I never wanted to wear Fracas until trying it in pure parfum. When smelling the EDP all I got was that big Big BIG tuberose. With a side of tuberose. And then it brings its friends gardenia, orange blossom and jasmine, and the entire thing is lush, feminine and undeniably gorgeous. But the combination, structure and general vibe were too much like the way Karl Lagerfeld's original Chloe used to smell in the late 1970s and early 80s, before they started cheapening the formula. And that means this 1948 Piguet fits my mother perfectly, so I bought her a bottle, got her addicted and promptly crossed Fracas off my list.
Still, I have a thing for Robert Piguet perfumes. Between the history of the house and my beloved Bandit, after a while I was curious enough to give the parfum a chance, and that was when I fell in love.
Fracas parfum holds back a little.
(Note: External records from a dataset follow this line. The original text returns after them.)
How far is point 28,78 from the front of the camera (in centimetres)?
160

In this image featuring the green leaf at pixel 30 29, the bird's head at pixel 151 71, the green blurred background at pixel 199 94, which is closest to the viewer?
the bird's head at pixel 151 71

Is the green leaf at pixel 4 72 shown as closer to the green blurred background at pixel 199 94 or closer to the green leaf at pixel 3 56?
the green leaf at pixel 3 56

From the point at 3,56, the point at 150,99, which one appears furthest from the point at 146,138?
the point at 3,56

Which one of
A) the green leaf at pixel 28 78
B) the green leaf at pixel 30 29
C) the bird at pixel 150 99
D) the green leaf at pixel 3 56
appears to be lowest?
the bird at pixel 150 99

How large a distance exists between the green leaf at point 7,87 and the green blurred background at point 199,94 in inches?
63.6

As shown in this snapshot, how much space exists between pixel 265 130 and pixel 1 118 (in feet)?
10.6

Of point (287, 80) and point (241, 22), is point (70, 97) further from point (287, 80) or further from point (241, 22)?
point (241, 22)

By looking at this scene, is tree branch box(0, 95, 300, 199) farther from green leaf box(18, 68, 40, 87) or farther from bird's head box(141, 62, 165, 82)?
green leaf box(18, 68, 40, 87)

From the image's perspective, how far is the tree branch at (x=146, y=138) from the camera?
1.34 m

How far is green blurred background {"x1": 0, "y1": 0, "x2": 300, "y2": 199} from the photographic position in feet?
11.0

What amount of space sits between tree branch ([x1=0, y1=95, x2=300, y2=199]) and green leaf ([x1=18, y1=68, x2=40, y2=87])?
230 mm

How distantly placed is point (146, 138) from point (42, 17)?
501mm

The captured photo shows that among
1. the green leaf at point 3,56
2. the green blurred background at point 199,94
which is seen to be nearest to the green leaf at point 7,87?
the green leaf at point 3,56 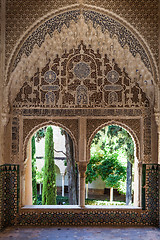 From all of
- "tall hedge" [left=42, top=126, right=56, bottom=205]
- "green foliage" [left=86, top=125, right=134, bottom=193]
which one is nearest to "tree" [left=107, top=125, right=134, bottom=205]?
"green foliage" [left=86, top=125, right=134, bottom=193]

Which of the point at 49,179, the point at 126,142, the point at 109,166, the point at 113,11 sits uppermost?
the point at 113,11

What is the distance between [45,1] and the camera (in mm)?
6332

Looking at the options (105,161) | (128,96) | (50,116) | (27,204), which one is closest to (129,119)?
(128,96)

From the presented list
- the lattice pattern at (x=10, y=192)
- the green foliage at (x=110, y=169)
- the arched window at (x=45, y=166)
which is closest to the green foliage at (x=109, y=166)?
the green foliage at (x=110, y=169)

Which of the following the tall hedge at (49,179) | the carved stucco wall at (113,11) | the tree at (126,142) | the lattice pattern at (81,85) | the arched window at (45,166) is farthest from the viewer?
the tall hedge at (49,179)

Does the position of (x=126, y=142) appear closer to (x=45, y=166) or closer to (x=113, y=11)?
(x=45, y=166)

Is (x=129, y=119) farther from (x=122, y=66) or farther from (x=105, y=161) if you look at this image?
(x=105, y=161)

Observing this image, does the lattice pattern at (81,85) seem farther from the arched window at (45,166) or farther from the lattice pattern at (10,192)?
the lattice pattern at (10,192)

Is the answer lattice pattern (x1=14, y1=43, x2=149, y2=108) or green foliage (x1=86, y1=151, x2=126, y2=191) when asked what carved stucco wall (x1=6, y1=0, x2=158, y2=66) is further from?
green foliage (x1=86, y1=151, x2=126, y2=191)

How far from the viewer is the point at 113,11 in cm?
634

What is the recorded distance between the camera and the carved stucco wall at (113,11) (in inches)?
250

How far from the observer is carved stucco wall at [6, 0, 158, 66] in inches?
250

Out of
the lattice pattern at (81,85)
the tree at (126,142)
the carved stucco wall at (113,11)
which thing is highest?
the carved stucco wall at (113,11)

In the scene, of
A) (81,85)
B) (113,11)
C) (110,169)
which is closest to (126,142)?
Answer: (81,85) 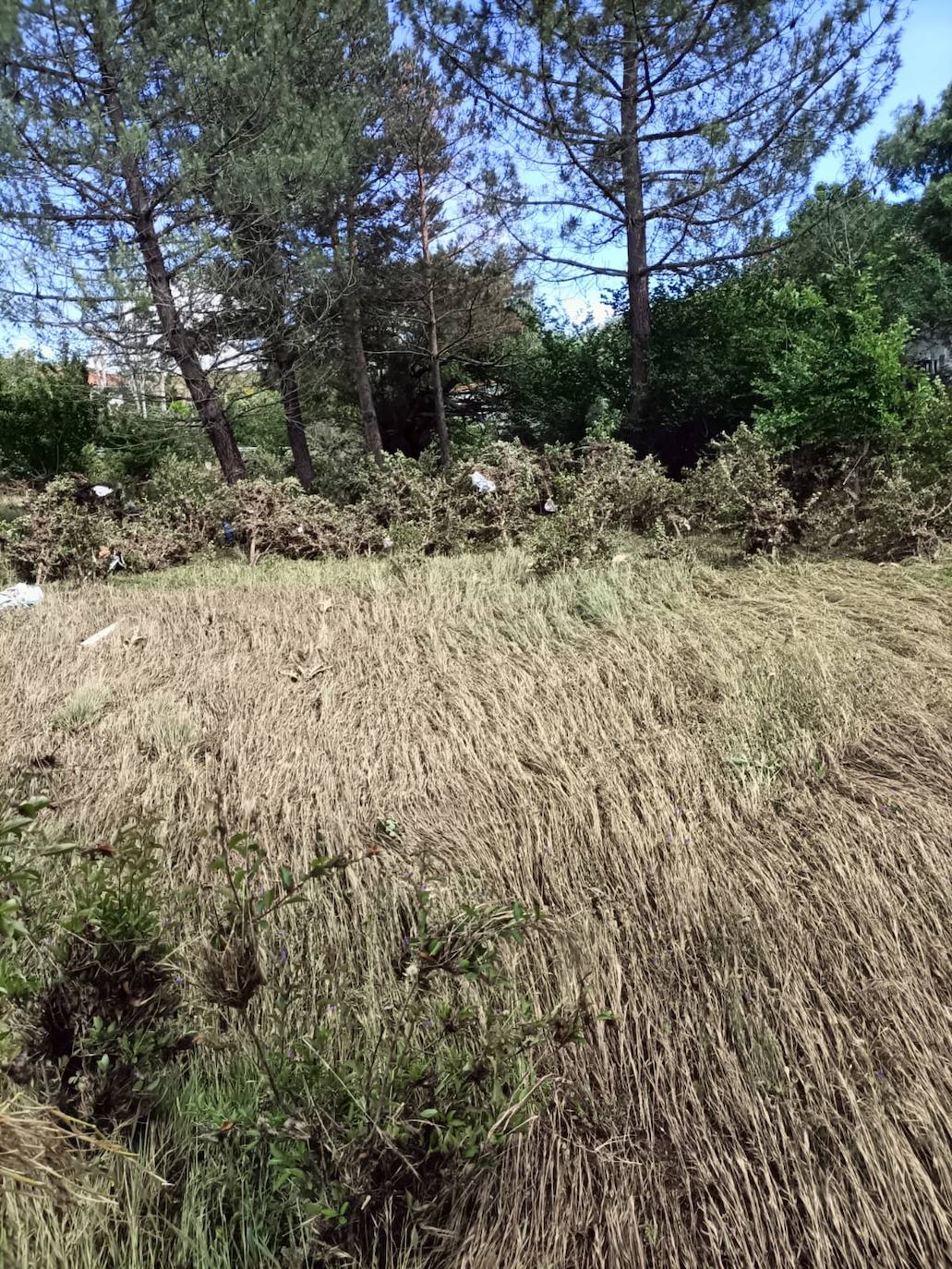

It's not just the more restrained sillage but also something in the balance between the flower notes and the greenery. I don't get much (or any, really) jonquil from the EDP, because the tuberose-gardenia combo makes too much olfactory noise for me. The parfum scales it back and the narcissus note emerges beautifully and brings its typical dryness to the front.
I also find the parfum a bit sweeter in the dry-down. Fracas is creamy in every incarnation, but the sandalwood in the extrait is more prominent, rounder and tones down the exuberance of this southern belle. The higher concentration is still an extrovert with a dominant presence and a clear voice, but it also offers more depth and introspection. It has a hidden side- like a beauty queen that writes poetry and is also very good at math.
Notes: bergamot, orange blossom, leafy greens, jonquil, peach, tuberose, jasmine, orris, carnation, rose, sandalwood, musk, moss, cedar, benzoin.
Fracas is the most popular and easiest to find among Robert Piguet perfumes. Many department stores offer the eau de parfum and some also have the parfum ($95, 0.25oz), including Sephora. There's also an entire range of bath and body products that can be purchased directly from robertpiguetparfums.com.